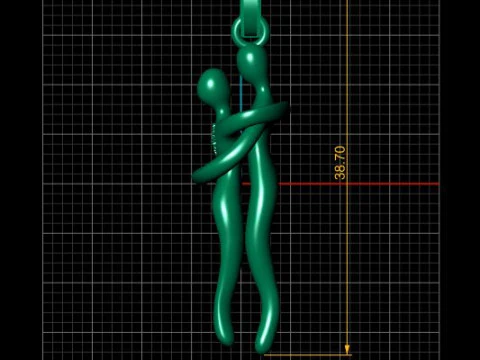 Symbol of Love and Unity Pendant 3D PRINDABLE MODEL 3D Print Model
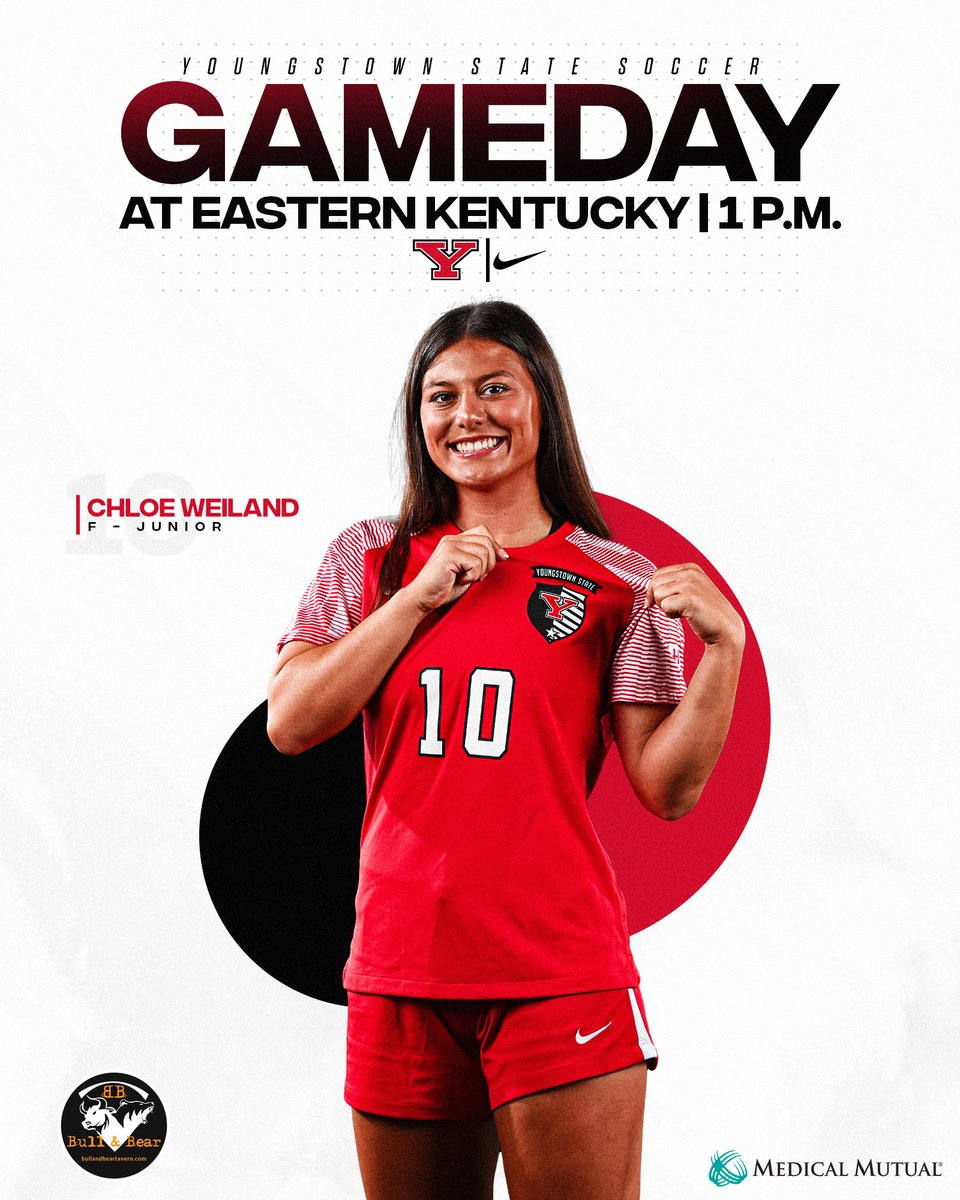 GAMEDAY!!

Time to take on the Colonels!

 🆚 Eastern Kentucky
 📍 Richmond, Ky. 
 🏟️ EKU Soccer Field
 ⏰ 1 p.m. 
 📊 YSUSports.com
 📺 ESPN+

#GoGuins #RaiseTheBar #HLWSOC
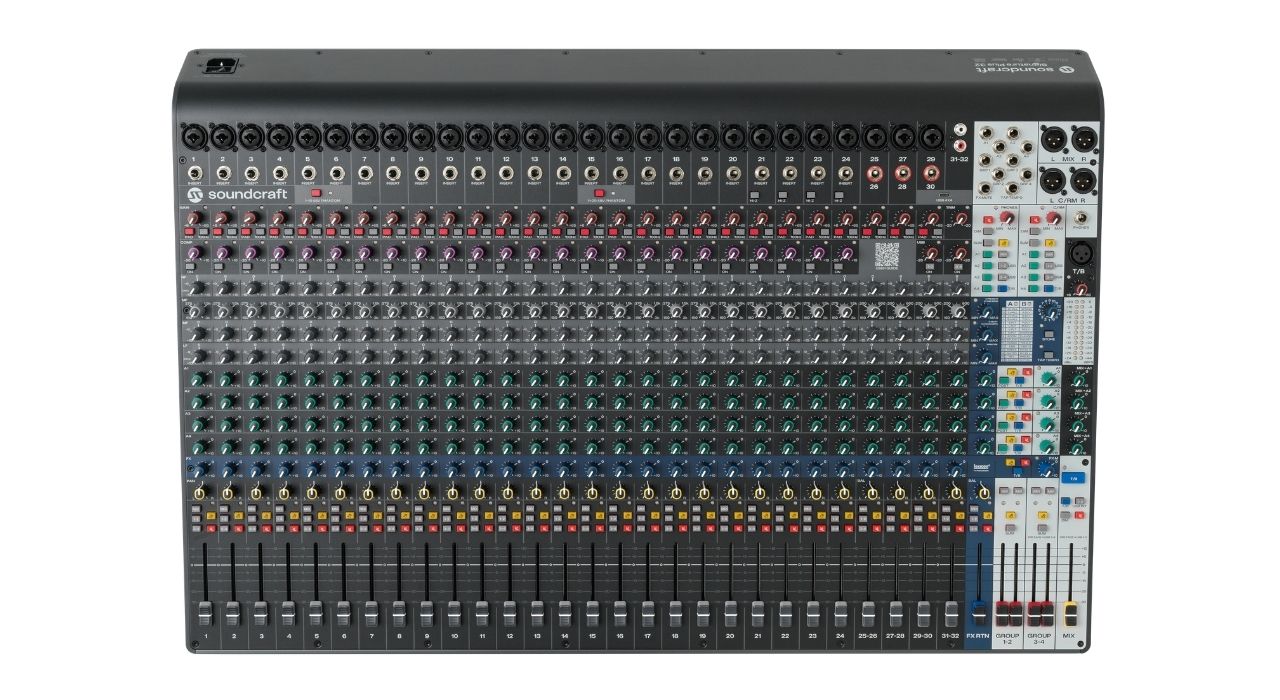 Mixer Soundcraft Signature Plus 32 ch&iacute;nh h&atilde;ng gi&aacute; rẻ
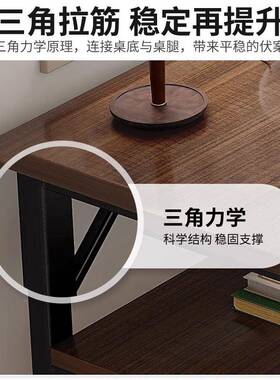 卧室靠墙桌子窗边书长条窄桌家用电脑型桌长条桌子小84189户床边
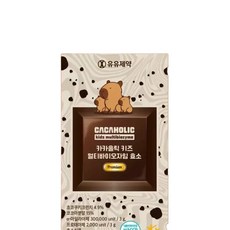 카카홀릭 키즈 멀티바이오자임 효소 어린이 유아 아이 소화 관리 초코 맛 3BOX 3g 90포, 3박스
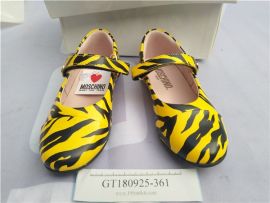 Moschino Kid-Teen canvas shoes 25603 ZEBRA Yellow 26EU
┄┄┄┄┄┄
*Task objective*:
Retype verbatim only the lines beginning with the line that contains "EKU Soccer Field" and ending with the last line of the listing above; pictures are to be excluded.

*Reply to the task*:
 🏟️ EKU Soccer Field
 ⏰ 1 p.m. 
 📊 YSUSports.com
 📺 ESPN+

#GoGuins #RaiseTheBar #HLWSOC
 Mixer Soundcraft Signature Plus 32 ch&iacute;nh h&atilde;ng gi&aacute; rẻ
 卧室靠墙桌子窗边书长条窄桌家用电脑型桌长条桌子小84189户床边
 카카홀릭 키즈 멀티바이오자임 효소 어린이 유아 아이 소화 관리 초코 맛 3BOX 3g 90포, 3박스
 Moschino Kid-Teen canvas shoes 25603 ZEBRA Yellow 26EU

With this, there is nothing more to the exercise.